Transcribe the lines below exactly. No image belongs in the transcription.

*** COLLECTED DATA ***

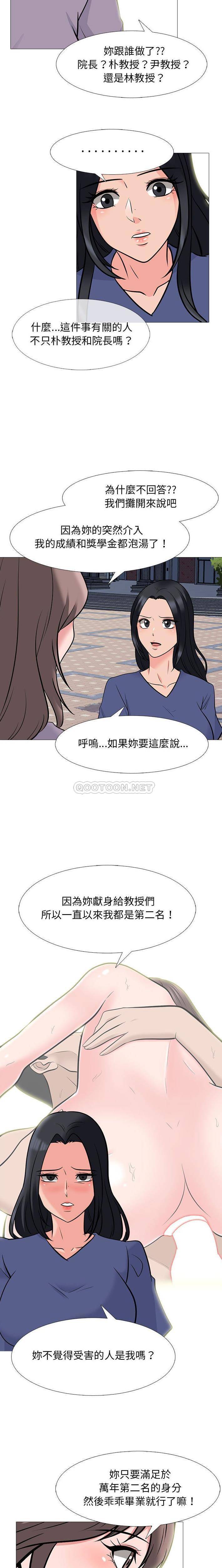 韩国污漫画 心機女教授 第96话 10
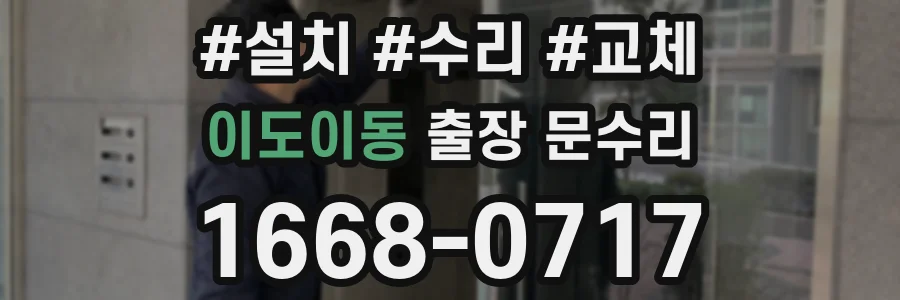 이도이동 출장 문수리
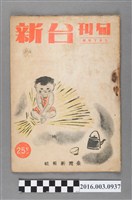 藏品(臺灣新報社出版《台新》旬刊9月下旬號昭和19年9月18日號)的圖片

***

[TASK OUTPUT]
 韩国污漫画 心機女教授 第96话 10
 이도이동 출장 문수리
 藏品(臺灣新報社出版《台新》旬刊9月下旬號昭和19年9月18日號)的圖片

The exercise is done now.